Rohit Rathour, SDM Chamba and DK Bhaskar, President, IPP looking at photo exhibition
Ten day Photography workshop being organised jointly by IPP-USA, Samhita and Centre for Sustainable concluded today at Paryavaran Chetna Kendra Sahoo.
More than 40 brilliantly colored photographs of daily life in Parotha, Paliur, Saaho and Jathera went on display in Saaho during the closing ceremony of a student photography workshop. Rohit Rathour, SDM Chamba was the chief guest on the occassion and he gave away certificates to the participants.

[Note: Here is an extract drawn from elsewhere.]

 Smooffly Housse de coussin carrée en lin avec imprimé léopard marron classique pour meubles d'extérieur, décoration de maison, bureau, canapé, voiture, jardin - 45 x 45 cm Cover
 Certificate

Rohit Rathour, SDM Chamba and DK Bhaskar giving away the certificates
Approximately 40 students age 11-15 participated in the 10-day photography workshop The goal of the project was not only to teach skills of photography to young people who had never handled cameras before, but also to help them see the beauty and tradition of their villages with fresh eyes. The students also presented a rich cultural program to conclude the workshop.

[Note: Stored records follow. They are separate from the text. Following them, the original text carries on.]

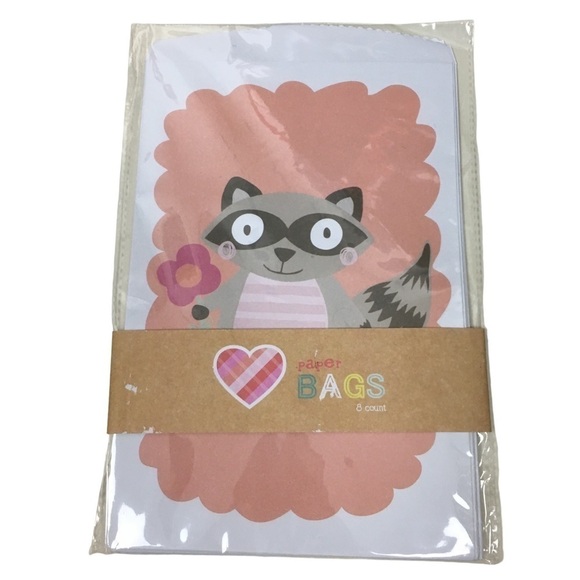 Party Favor Paper Gift Bags Treat Sacks Forest Friends Fox Raccoon 24 Total - Picture 3 of 3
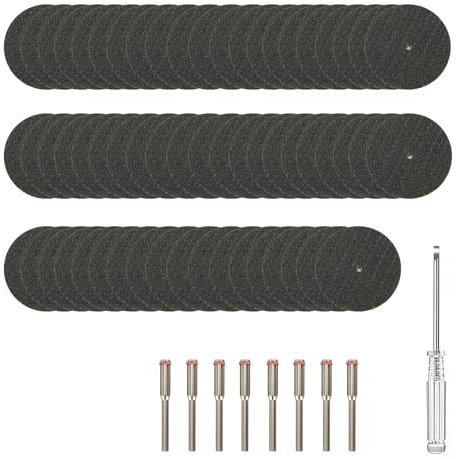 Juego de discos de corte para Dremel, 60 piezas de mini hoja de sierra circular con 8 pcs de mandril de 3mm, accesorios de herramientas rotativas, ruedas de corte para acero inoxidable metal
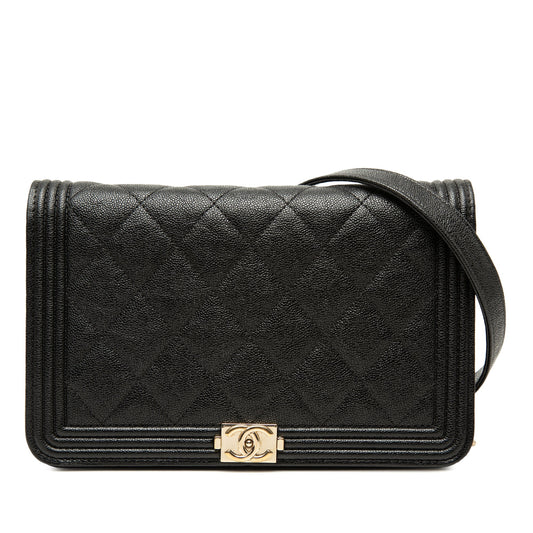 Chanel Quilted Caviar Boy Wallet on Chain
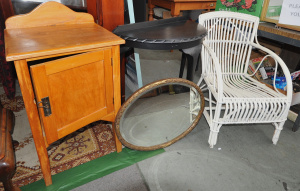 Lot 8 - Lot of Vintage Occasional Furniture incl Pine Pot Cupboard, White Painte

Students presenting folk theatre on the conlcluding day
Beena Devi, a student participant from the village of Soloh, said the photography workshop helped her gain a new awareness of her everyday activities.
Rishika Kapoor said that because of the variety of topics they were given to photograph it gave them an opportunity to think about aspects of their lives they had never fully considered before.
Participants presenting folk dance
Students were assigned to document home and family life, livelihoods, market and bazaar activity, health and hygiene, environment, religion and ritual, and women in society.
Some of the students also covered Minjar Fair and the procession through the community of Chamba and down to the river.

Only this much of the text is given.